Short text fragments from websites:
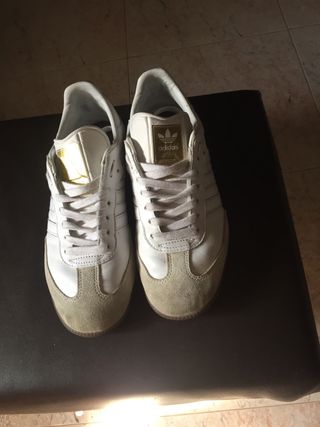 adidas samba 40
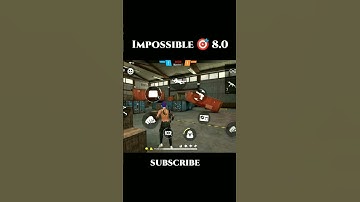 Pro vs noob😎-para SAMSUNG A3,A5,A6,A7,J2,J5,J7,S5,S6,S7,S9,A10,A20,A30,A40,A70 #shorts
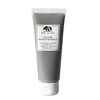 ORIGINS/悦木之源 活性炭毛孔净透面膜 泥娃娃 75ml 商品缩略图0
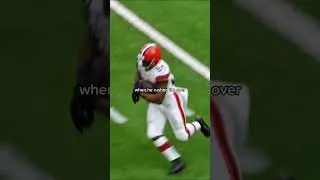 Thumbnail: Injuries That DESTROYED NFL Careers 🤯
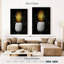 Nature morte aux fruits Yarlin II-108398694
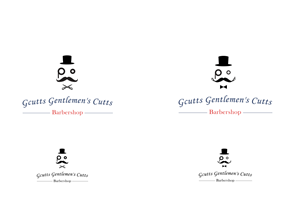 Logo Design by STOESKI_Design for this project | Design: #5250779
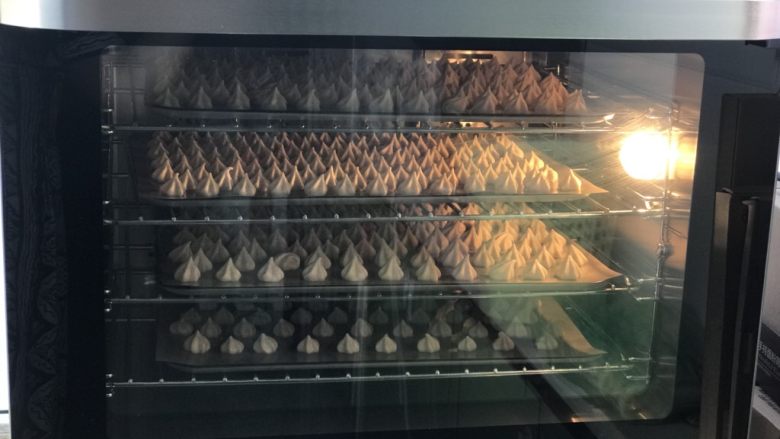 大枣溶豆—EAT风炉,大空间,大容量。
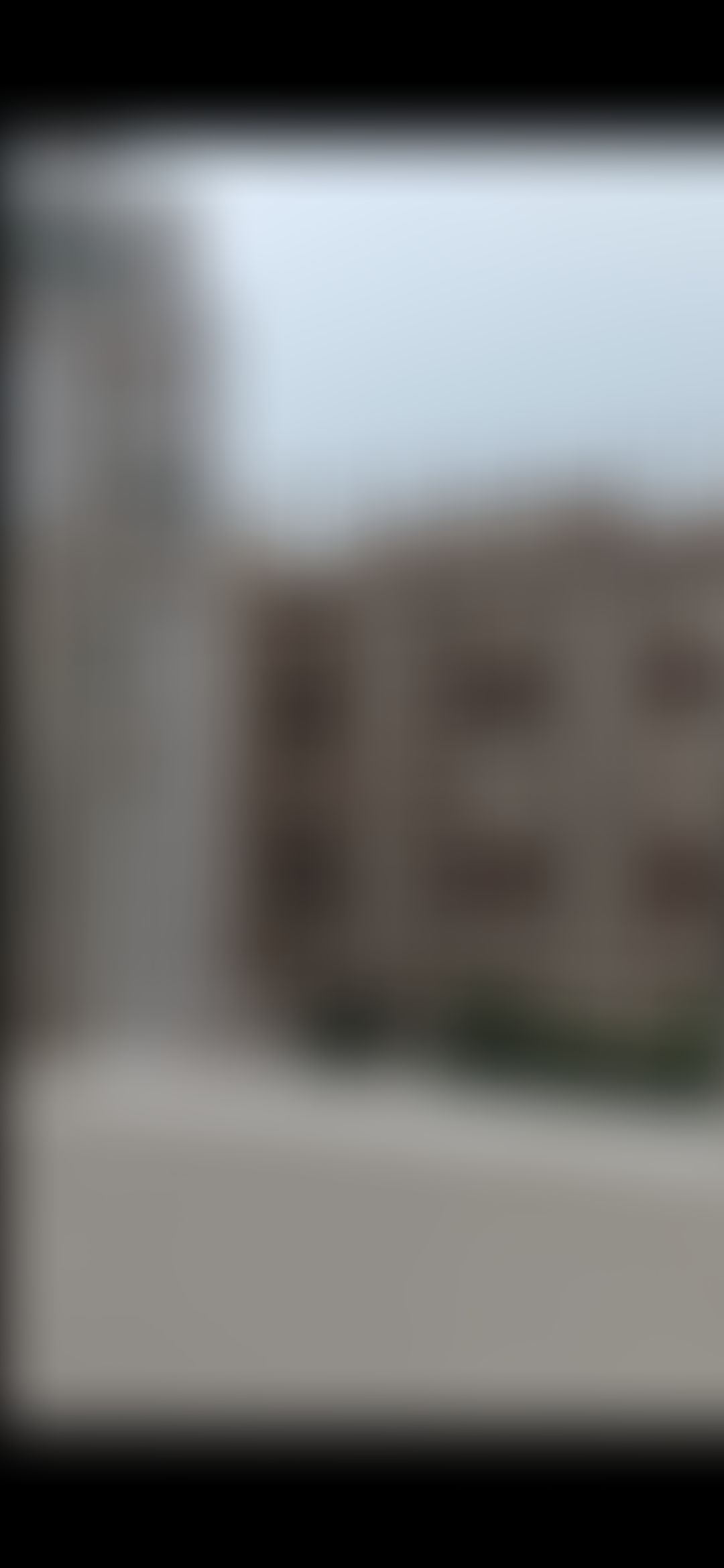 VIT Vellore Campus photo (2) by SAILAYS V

What is being asked:
Where the line with "Nature morte aux fruits Yarlin II-108398694" appears in the entries above, begin there and restate every line to the end word for word, minus the pictures.

Final answer:
 Nature morte aux fruits Yarlin II-108398694
 Logo Design by STOESKI_Design for this project | Design: #5250779
 大枣溶豆—EAT风炉,大空间,大容量。
 VIT Vellore Campus photo (2) by SAILAYS V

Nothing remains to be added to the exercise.